Une pollution mineure mais à surveiller
Suite à l'échouage du cargo, près de 60 m3 de fioul se seraient déversés dans la mer. Cette pollution, de bien moindre ampleur que celle provoquée par l'Erika, s'est traduite, pour l'instant, par la présence de galette de fuel sur quelques plages et par l'arrivée des premiers oiseaux mazoutés. Pour protéger les écosystèmes fragiles de la ria d'Etel ainsi que l'activité conchylicole, quatre barrages flottants ont été mis en place. Malgré ces dispositifs, cinq parcs ostréicoles sur les 39 existants dans la ria ont été impactés, conduisant à l'interdiction de commercialisation de leurs produits. De nouvelles analyses ont été effectuées, lundi 19 décembre, par l'Ifremer afin de suivre l'évolution de la situation et de définir la fermeture ou non de nouveaux parcs. Un possible coup dur juste avant les fêtes pour ces professionnels.
Selon Nathalie Kosciusko-Morizet, la capitainerie du port ne peut interdire la sortie d'un bateau qu'en cas de problème administratif ou de risque pour son équipage et l'environnement, ce qui n'était pas le cas pour le TK Bremen. Invitée sur LCI, la ministre de l'Ecologie réfléchit également à la possibilité d'étendre le décret afin de donner à la capitainerie le pouvoir d'interdire à un bateau de prendre la mer sur un motif météorologique. "C'est quelque chose que je vais prendre en considération, mais je voudrais attendre d'avoir les premiers résultats de l'enquête. Pour le moment, on n'a pas toutes les raisons pour lesquelles ce bateau s'est mis à dériver à partir de son mouillage", a-t-elle souligné.
Jean-Yves Le Drian estime également nécessaire cette modification du décret et souhaite désormais saisir les instances européennes pour étendre l'interdiction de départ au risque météo. "Suite au naufrage de l'Erika, en tant que rapporteur de la commission d'enquête, il avait été prévu des propositions permettant aux autorités portuaires des Etats d'interdire la sortie d'un bateau en cas de risque majeur. Malheureusement, cette proposition n'a pas été reprise par la directive européenne qui se limite aujourd'hui en une incitation forte.
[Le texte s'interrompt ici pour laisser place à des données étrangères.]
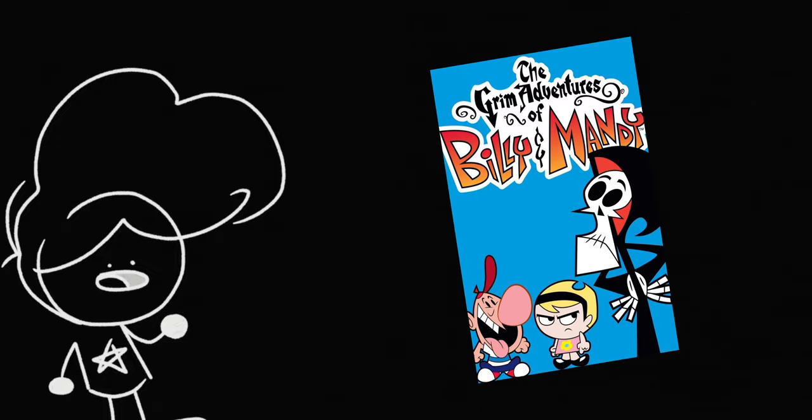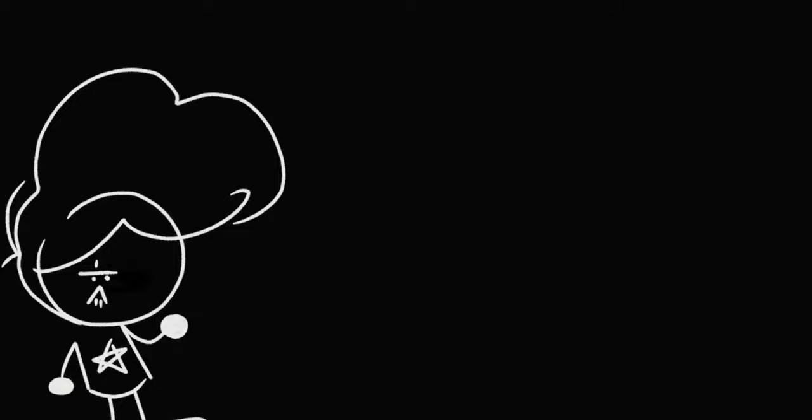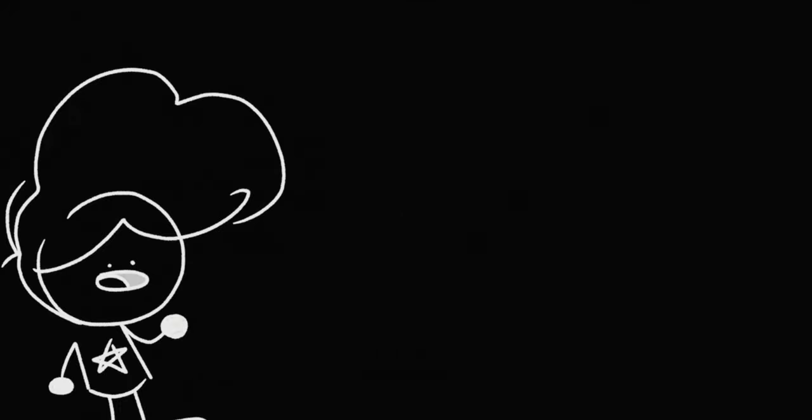Alright, this show is called The Grim Adventures of Billy and Mandy. Here's the intro, I guess. And you guys better like it, or else. But anyways, here's the intro.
Il faut passer désormais à l'obligation".
Pour l'association Robin des Bois, la capitainerie aurait quand même pu, en s'appuyant sur l'article R304-11 du Code des ports maritimes, procéder à l'ajournement du départ du cargo en raison de déficiences nombreuses. "Le profil du TK Bremen était tel que les responsables de la sécurité et du trafic du port de Lorient auraient dû, au vu des périls imminents qu'il s'apprêtait à affronter dans un environnement maritime dangereux et riche en culture marine, interdire son départ", indique l'association dans son communiqué.
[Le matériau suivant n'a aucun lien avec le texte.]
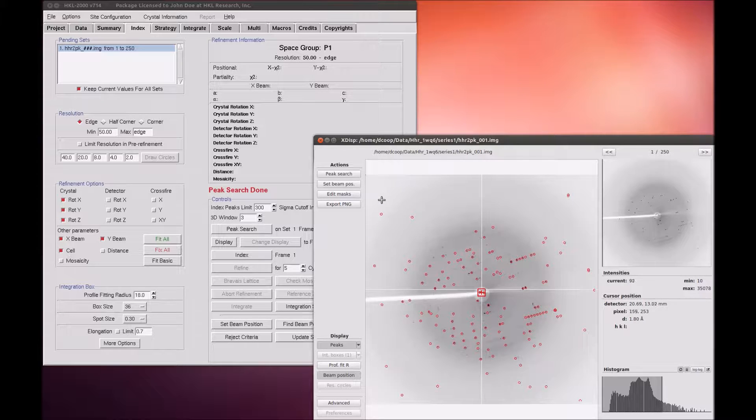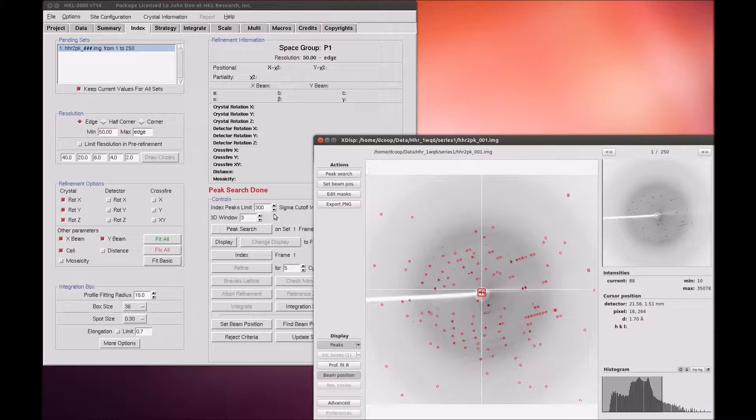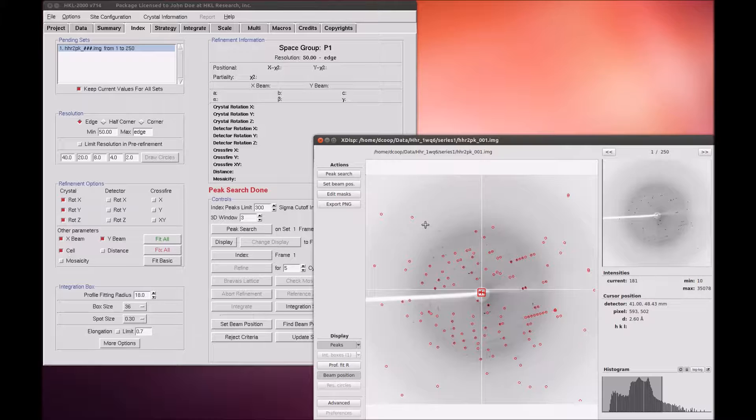The Automatic Peak Search button will pick peaks from several frames, using the number of frames set in the 3D window option. XDISP-QT will pick peaks from all of the frames before displaying the image, so expect a slight lag if you set the 3D window high.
Opérations de démantèlement, un risque de nouvelle pollution
Outre les politiques, les bretons veulent également avoir des réponses à ces questions. Ce week-end, des manifestations citoyennes ont rassemblé plusieurs centaines de personnes qui ont été tenues à distance par les gendarmes de Lorient. Par ailleurs, un collectif, rassemblant les habitants des abords de la ria d'Etel, s'est constitué avec l'objectif de surveiller de près le nettoyage du site et l'éventuel démantèlement du cargo sur place. Ces opérations étant sources de nouvelles pollutions.
Au niveau de la dépollution, les premières opérations, débuté dès le vendredi, ont permis de collecter plus de 200 m3 de sable pollué sur la plage de Kerminihy et à l'entrée de la ria d'Etel. Plus de 32 m3 d'un mélange d'eau et de fioul ont également pompés. Dimanche midi, la préfecture estimait qu'il restait 118 tonnes de fioul (sur 190 au départ) et 40 tonnes de gazole dans les soutes du navire, et soulignait que "les travaux de nettoyage entrepris depuis plus de deux jours ont permis d'améliorer très sensiblement l'aspect de la plage".